As shown in the top panel, a direct interaction between phosphodiesterase 3B (PDE3B) and exchange factor directly activated by cAMP (EPAC) promotes the formation of a plasma membrane signalosome that controls cAMP-mediated activation of RAS-related protein (RRAS) and its subsequent activation of the p84-regulatory domain-associated p110γ subunit of phosphoinositide 3-kinase γ and, ultimately, integrin-based adhesions with the extracellular matrix. A PDE3B-based, EPAC1-displacing peptide antagonizes PDE3B–EPAC1 protein–protein interactions (PPIs), allows localized increases in cAMP and promotes signalling through this signalosome. As shown in the bottom panel, a direct interaction between PDE4D and EPAC1 promotes the integration of these proteins into a vascular endothelial cadherin-based signalosome that allows cAMP — acting through EPAC1-based activation of small GTPase RAS-related protein 1 (RAP1) — to regulate endothelial cell permeability. An EPAC1-based, PDE4D-displacing peptide antagonizes PDE4D–EPAC1 PPIs, interferes with the integration of these proteins into the signalosome and increases endothelial cell permeability. HAEC, human arterial endothelial cell; PIP₃, phosphatidylinositol-(3,4,5)-trisphosphate; PKB, protein kinase B.

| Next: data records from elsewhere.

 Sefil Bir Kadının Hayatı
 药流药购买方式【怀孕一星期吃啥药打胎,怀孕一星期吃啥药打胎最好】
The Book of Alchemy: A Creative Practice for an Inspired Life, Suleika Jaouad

Figure 5. Allosteric modulation of PDE2 and PDE4

a | Ribbon diagram of near-full-length unliganded phosphodiesterase 2A (PDE2A). The entire molecule A of the PDE2A dimer is shown in green, whereas GAF domain A (GAFA) is shown in magenta, GAFB in yellow and the catalytic domain of molecule B in pale pink^,. b | Ribbon diagram of the PDE4 catalytic domain (shown in pale cyan) with an upstream conserved region 2 (UCR2) fragment (shown in green). The PDE4-selective inhibitor RS25344 (shown in yellow) binds to the active site of PDE4 and also interacts with the UCR2 fragment. c | Detailed view of the interaction of RS25344 (shown in yellow) with PDE4D3 residues (shown in cyan and green; Protein Data Bank ID: 3G4G). Similar to other PDE4 inhibitors, the allosteric modulator RS25344 forms a conserved hydrogen bond with the invariant Gln535 and stacks against Phe538 in the catalytic pocket. However, RS25344 makes unique hydrophobic contacts with Phe196 and Val200 in the UCR2 helix, which ‘caps’ and interacts with the active site^,.